### MATERIAL FOR THIS EXERCISE

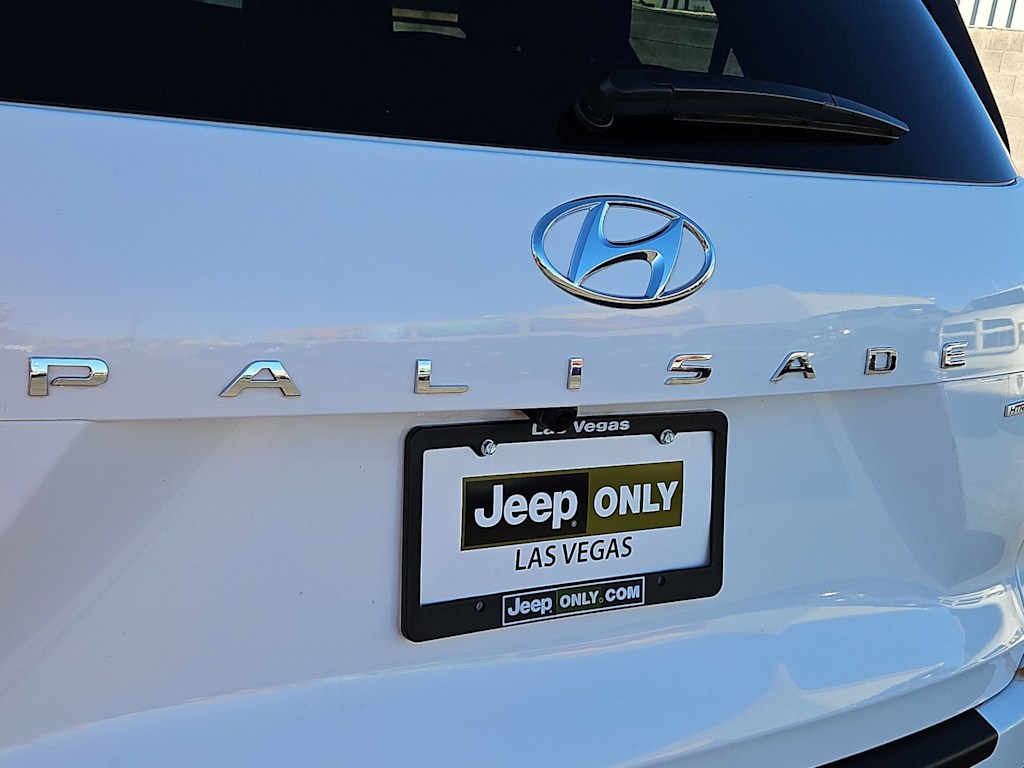 Thumbnail: 2023 Hyundai Palisade - 25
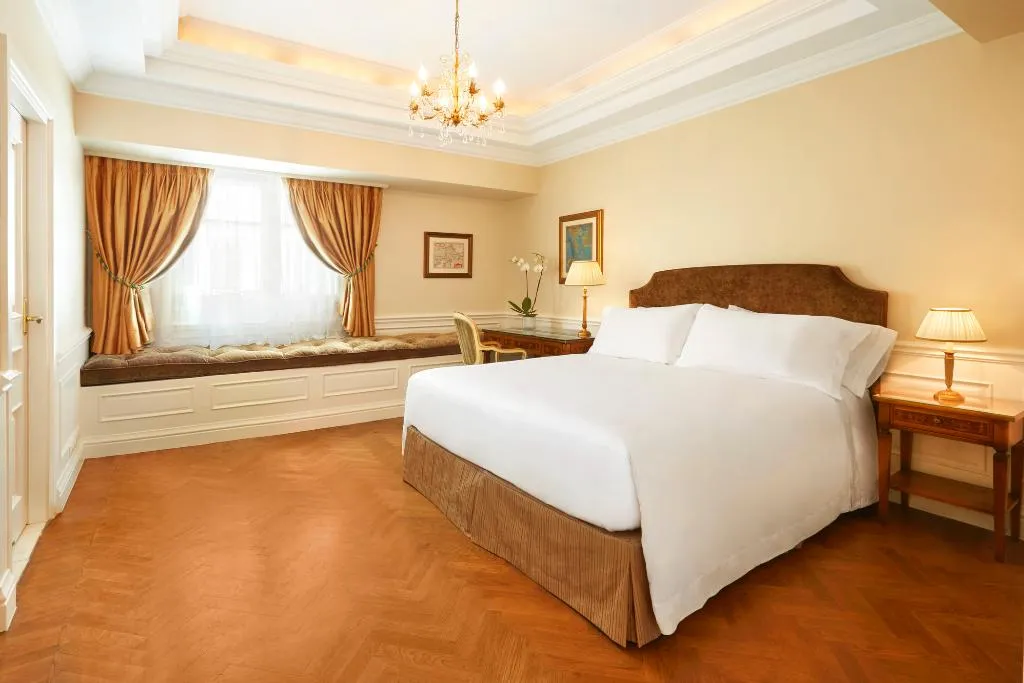 Room, King George A Luxury Collection Hotel, Athens
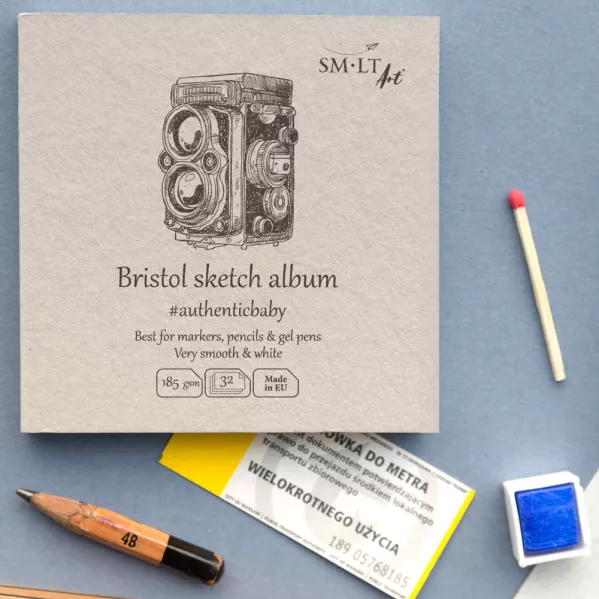 https://www.tintadlaplastykow.pl/gfx/photos/offer_53372581/szkicownik-smlt-art-bristol-sketch-smooth-185-gsm-32-ark-aparat-9-x-9-cm-mini-kwadrat-fb321859_2_1117622817150448.webp
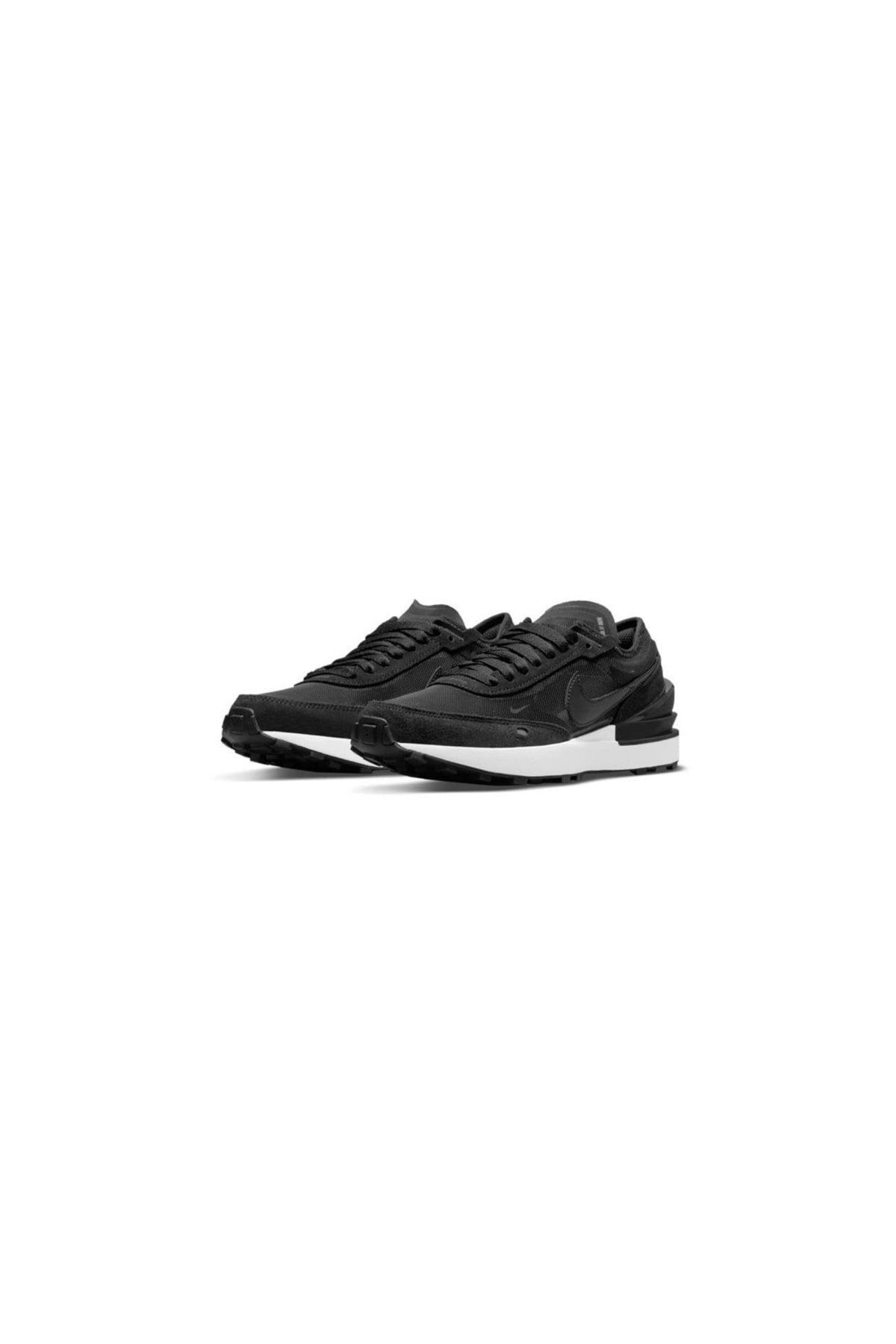 Nike-Sneakers - Black - Flat 3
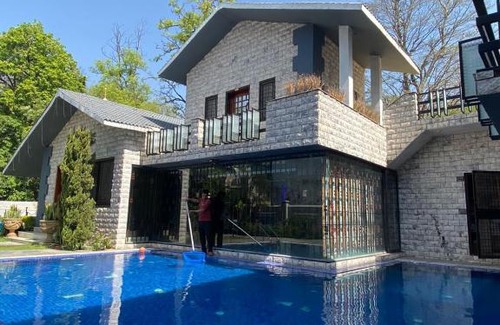 Ramnagar Villa | Cheerful luxury 5 - bedroom villa with pool ( Ayu villa )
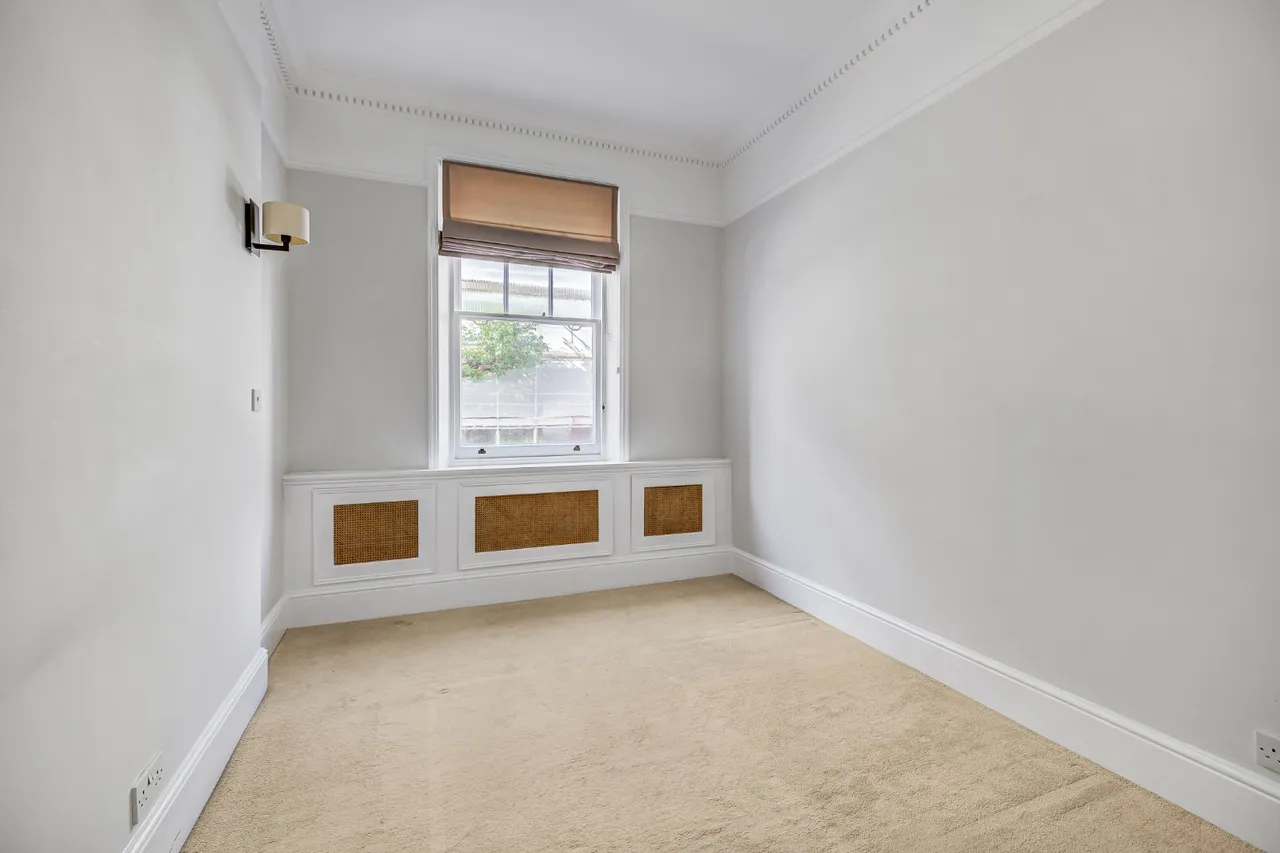 Wynnstay Gardens, Kensington, W8, photo 10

### WHAT IS REQUIRED
Copy out the records exactly; the pictures stay behind.

### COMPLETED TASK
 Thumbnail: 2023 Hyundai Palisade - 25
 Room, King George A Luxury Collection Hotel, Athens
 https://www.tintadlaplastykow.pl/gfx/photos/offer_53372581/szkicownik-smlt-art-bristol-sketch-smooth-185-gsm-32-ark-aparat-9-x-9-cm-mini-kwadrat-fb321859_2_1117622817150448.webp
 Nike-Sneakers - Black - Flat 3
 Ramnagar Villa | Cheerful luxury 5 - bedroom villa with pool ( Ayu villa )
 Wynnstay Gardens, Kensington, W8, photo 10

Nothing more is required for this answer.